For the past two weeks a confidence crisis has been mounting in Bolivia, where rumours of US dollar shortages have been fuelled by the central bank’s failure to update figures on its international reserves. The bank has not updated its weekly bulletin since 17 February, when it said that it had dollar reserves of US$372m, down nearly 70% compared with the same month last year. The central bank has begun directly selling dollars to citizens to quell concerns that a currency devaluation could be required to enable Bolivia to meet its debt repayments. However, long lines outside the central bank show that those fears are not dissipating. Montenegro’s acknowledgement that the central bank had resorted to its SDR arrangement with the IMF will only fuel speculation and pile further pressure on the boliviano.

  • Questioned yesterday as to whether monetary authorities had used the SDR arrangement, Montenegro said “yes… it’s one of the attributions of the central bank”. He added that “SDR holdings are freely available… their use does not amount to a loan and is not subject to any sort of conditions”.
  • Although Montenegro did not specify how much Bolivia had drawn from the SDR, international credit ratings agency Fitch reported on 14 March that Bolivia “recently” exchanged SDRs for US$300m.
  • The acknowledgement that Bolivia had drawn on its SDR arrangement came as two credit ratings agencies voiced concern about Bolivia’s ability to weather the storm.

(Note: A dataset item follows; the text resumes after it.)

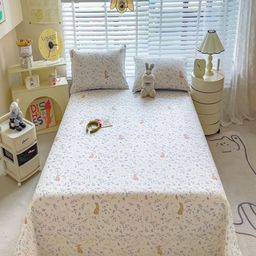 JC HOME White & Brown Floral Printed Pure Cotton 220 TC Queen Bedsheet Set 1.80 m x 2.30 m-image-53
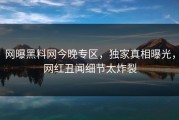 网曝黑料网今晚专区，独家真相曝光，网红丑闻细节太炸裂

On 14 March Fitch downgraded Bolivia’s long-term foreign currency and local currency issuer default ratings from ‘B’ to ‘B-’, and downgraded its ratings outlook from ‘stable’ to ‘negative’. Fitch attributed this to “the depletion of external liquidity buffers”, noting that “the continued fall in international reserves at low levels has rendered them vulnerable to risk of a confidence shock, which has materialised in recent weeks”. Fitch also highlighted “heightened uncertainty around the authorities’ ability to manage this situation, as well as around its severity given an ongoing delay in publication of international reserves data”.
  • Standard & Poor’s (S&P) also changed Bolivia’s credit outlook to negative yesterday, but maintained the country’s ‘B’ credit rating.
  • The finance ministry released a statement on 14 March saying Fitch’s downgrade did not take into account Bolivia’s economic resilience, which it said had been demonstrated by Bolivia having one of the lowest inflation rates in the region. The statement also said that Bolivia’s international reserves are expected to rise this year due to factors including increased export of lithium and urea, import substitution, and new electricity export contracts.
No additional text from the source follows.